Provided information:
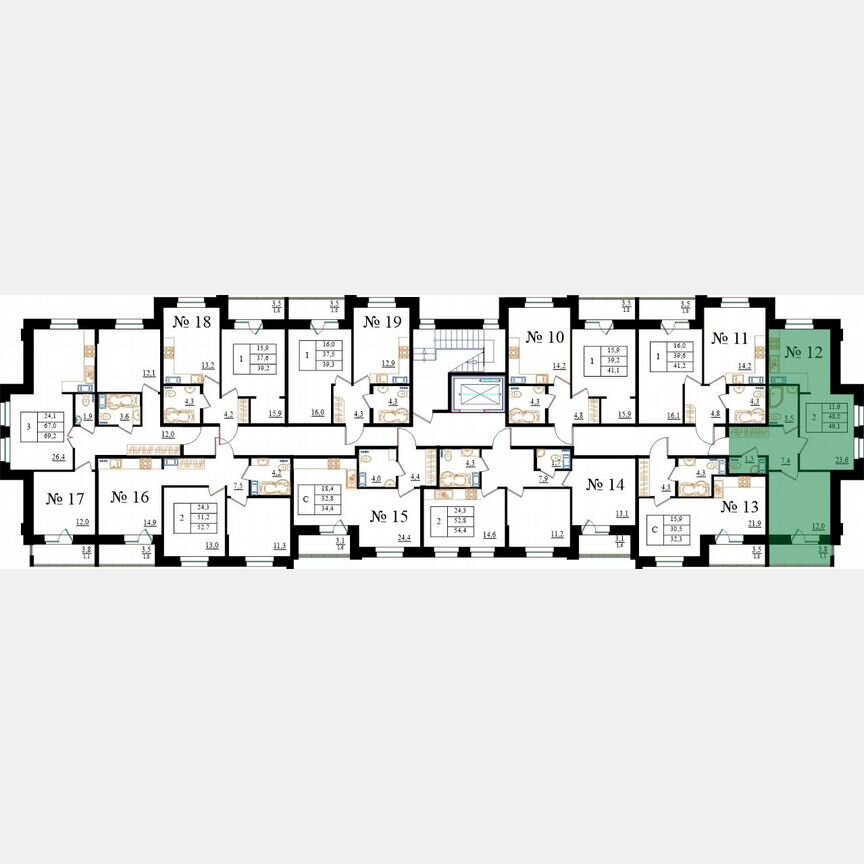 2-к. квартира, 49,1 м², 2/8 эт.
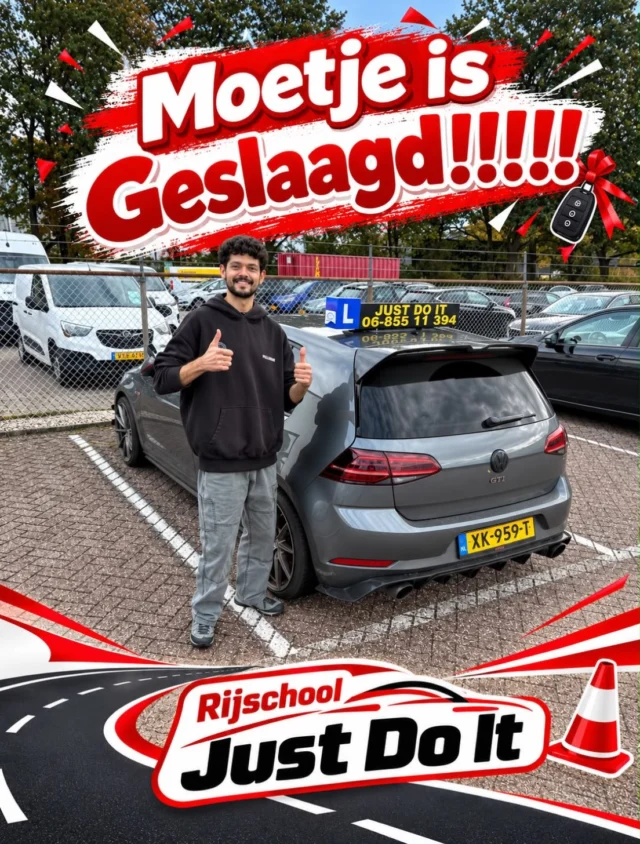 Gefeliciteerd Moetje met het behalen van je rijbewijs! 🥳👏
Wil jij ook snel slagen en met vertrouwen rijden?
Schrijf je vandaag nog in bij Rijschool Just Do It! ✅

✔ Professionele begeleiding
✔ Duidelijke uitleg
✔ Flexibele lestijden
✔ Hoog slagingspercentage

📍 Apeldoorn
🌐 www.rijschooljustdoit.nl
📧 info@rijschooljustdoit.nl
📞 0685511394

⏳ Wacht niet te lang — schrijf je snel in en begin jouw rijavontuur vandaag nog!  #Apeldoorn #RijschoolApeldoorn #RijbewijsHalen #Geslaagd #Autorijles RijschoolJustDoIt SnelSlagen LerenRijden Deventer Zutphen Arnhem Gelderland Rijinstructeur PraktijkExamen RijdenMetVertrouwen 🚗💨🏆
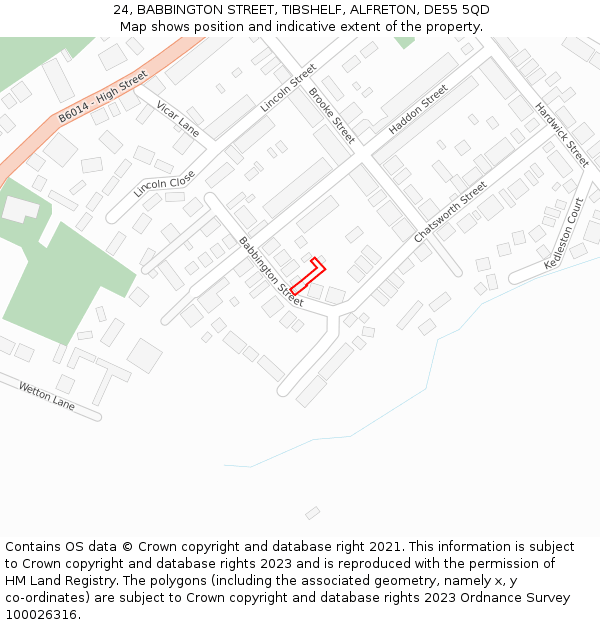 24, BABBINGTON STREET, TIBSHELF, ALFRETON, DE55 5QD: Location map and indicative extent of plot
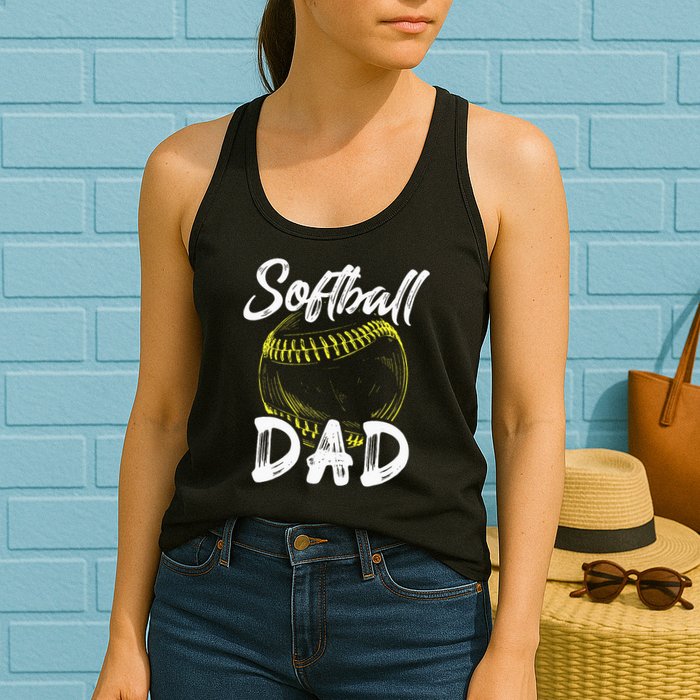 Softball Dad For Him Family Matching Player Womens Tank Top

Goal of the exercise:
Transcribe each line above exactly, pictures excluded.

Answer to the exercise:
 2-к. квартира, 49,1 м², 2/8 эт.
 Gefeliciteerd Moetje met het behalen van je rijbewijs! 🥳👏
Wil jij ook snel slagen en met vertrouwen rijden?
Schrijf je vandaag nog in bij Rijschool Just Do It! ✅

✔ Professionele begeleiding
✔ Duidelijke uitleg
✔ Flexibele lestijden
✔ Hoog slagingspercentage

📍 Apeldoorn
🌐 www.rijschooljustdoit.nl
📧 info@rijschooljustdoit.nl
📞 0685511394

⏳ Wacht niet te lang — schrijf je snel in en begin jouw rijavontuur vandaag nog!  #Apeldoorn #RijschoolApeldoorn #RijbewijsHalen #Geslaagd #Autorijles RijschoolJustDoIt SnelSlagen LerenRijden Deventer Zutphen Arnhem Gelderland Rijinstructeur PraktijkExamen RijdenMetVertrouwen 🚗💨🏆
 24, BABBINGTON STREET, TIBSHELF, ALFRETON, DE55 5QD: Location map and indicative extent of plot
 Softball Dad For Him Family Matching Player Womens Tank Top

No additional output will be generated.